• _ENTRIES SUPPLIED_
● ● ●
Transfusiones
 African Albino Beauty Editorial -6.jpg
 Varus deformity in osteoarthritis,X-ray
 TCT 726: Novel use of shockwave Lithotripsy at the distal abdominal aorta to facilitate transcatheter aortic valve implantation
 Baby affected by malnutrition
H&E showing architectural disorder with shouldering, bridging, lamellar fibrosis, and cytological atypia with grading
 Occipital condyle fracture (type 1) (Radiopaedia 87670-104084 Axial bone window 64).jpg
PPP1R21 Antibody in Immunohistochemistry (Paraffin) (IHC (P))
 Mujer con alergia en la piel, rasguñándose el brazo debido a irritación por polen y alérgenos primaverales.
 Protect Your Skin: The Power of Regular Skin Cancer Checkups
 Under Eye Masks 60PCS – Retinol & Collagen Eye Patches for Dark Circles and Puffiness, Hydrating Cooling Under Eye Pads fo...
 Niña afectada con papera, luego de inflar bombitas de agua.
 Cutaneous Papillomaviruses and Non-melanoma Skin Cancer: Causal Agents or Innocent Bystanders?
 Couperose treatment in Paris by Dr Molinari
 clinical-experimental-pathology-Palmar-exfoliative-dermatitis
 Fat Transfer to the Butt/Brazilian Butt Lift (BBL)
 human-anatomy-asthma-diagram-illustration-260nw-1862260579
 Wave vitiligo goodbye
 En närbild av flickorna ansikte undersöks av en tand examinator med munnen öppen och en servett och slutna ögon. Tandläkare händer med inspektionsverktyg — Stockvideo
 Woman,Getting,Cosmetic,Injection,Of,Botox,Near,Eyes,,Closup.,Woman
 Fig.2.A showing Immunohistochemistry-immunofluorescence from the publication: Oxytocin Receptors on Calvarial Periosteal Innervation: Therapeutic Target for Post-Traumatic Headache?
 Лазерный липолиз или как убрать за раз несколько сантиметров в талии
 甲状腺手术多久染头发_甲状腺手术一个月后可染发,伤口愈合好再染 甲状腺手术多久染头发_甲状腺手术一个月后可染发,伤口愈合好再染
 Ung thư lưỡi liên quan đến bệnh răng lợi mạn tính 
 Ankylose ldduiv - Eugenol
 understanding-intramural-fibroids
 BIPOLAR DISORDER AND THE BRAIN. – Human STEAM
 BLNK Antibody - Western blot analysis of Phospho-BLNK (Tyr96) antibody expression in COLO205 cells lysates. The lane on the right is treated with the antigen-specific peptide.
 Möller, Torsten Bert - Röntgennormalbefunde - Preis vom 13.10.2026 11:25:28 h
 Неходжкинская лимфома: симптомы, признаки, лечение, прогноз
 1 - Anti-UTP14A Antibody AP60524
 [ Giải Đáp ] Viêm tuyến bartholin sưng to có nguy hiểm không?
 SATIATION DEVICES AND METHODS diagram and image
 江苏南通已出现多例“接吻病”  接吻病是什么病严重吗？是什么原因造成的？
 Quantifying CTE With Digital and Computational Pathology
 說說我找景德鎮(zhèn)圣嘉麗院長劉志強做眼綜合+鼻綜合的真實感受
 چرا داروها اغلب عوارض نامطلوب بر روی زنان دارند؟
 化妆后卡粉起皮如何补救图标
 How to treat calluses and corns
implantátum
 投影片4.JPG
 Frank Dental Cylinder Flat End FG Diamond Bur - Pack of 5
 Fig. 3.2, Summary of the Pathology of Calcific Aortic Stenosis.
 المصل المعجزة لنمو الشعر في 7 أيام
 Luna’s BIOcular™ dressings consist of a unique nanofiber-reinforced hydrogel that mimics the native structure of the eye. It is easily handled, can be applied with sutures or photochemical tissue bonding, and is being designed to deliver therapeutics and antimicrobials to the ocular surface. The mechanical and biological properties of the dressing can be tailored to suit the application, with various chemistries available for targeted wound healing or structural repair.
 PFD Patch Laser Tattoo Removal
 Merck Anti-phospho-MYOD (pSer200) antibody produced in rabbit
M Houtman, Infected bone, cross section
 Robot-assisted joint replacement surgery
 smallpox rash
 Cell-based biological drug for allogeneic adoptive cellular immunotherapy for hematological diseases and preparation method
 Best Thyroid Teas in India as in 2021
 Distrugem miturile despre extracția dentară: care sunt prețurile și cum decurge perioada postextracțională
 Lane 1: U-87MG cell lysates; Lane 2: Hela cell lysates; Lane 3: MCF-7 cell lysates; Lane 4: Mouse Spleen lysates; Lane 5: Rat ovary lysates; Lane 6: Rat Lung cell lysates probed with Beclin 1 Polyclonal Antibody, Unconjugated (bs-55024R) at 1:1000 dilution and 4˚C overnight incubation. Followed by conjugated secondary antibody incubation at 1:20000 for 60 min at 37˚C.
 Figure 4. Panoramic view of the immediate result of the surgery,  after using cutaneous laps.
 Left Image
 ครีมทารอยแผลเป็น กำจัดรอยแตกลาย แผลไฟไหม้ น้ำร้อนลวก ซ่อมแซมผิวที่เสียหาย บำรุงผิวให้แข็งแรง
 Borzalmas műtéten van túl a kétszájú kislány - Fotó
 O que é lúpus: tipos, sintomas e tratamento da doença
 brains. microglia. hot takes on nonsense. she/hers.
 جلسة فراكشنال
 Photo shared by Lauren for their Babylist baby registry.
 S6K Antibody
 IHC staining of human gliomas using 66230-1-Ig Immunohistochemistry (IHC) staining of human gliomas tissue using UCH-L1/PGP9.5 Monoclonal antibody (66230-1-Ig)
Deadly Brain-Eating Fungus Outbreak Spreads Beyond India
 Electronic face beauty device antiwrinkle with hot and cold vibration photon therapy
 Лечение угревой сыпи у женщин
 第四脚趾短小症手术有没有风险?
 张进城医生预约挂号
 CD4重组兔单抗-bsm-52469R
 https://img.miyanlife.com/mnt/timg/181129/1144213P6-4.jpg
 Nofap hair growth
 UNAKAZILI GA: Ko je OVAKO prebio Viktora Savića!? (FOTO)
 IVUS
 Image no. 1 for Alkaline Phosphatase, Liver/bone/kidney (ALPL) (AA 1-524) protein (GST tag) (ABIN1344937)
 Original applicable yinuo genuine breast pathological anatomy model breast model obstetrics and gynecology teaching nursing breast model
● ● ●
• _WORK ORDER_
Please transcribe exactly the line containing "O que é lúpus: tipos, sintomas" and every line after it to the end of the data, and no other lines.

• _SOLUTION TO THIS EXERCISE_
 O que é lúpus: tipos, sintomas e tratamento da doença
 brains. microglia. hot takes on nonsense. she/hers.
 جلسة فراكشنال
 Photo shared by Lauren for their Babylist baby registry.
 S6K Antibody
 IHC staining of human gliomas using 66230-1-Ig Immunohistochemistry (IHC) staining of human gliomas tissue using UCH-L1/PGP9.5 Monoclonal antibody (66230-1-Ig)
Deadly Brain-Eating Fungus Outbreak Spreads Beyond India
 Electronic face beauty device antiwrinkle with hot and cold vibration photon therapy
 Лечение угревой сыпи у женщин
 第四脚趾短小症手术有没有风险?
 张进城医生预约挂号
 CD4重组兔单抗-bsm-52469R
 https://img.miyanlife.com/mnt/timg/181129/1144213P6-4.jpg
 Nofap hair growth
 UNAKAZILI GA: Ko je OVAKO prebio Viktora Savića!? (FOTO)
 IVUS
 Image no. 1 for Alkaline Phosphatase, Liver/bone/kidney (ALPL) (AA 1-524) protein (GST tag) (ABIN1344937)
 Original applicable yinuo genuine breast pathological anatomy model breast model obstetrics and gynecology teaching nursing breast model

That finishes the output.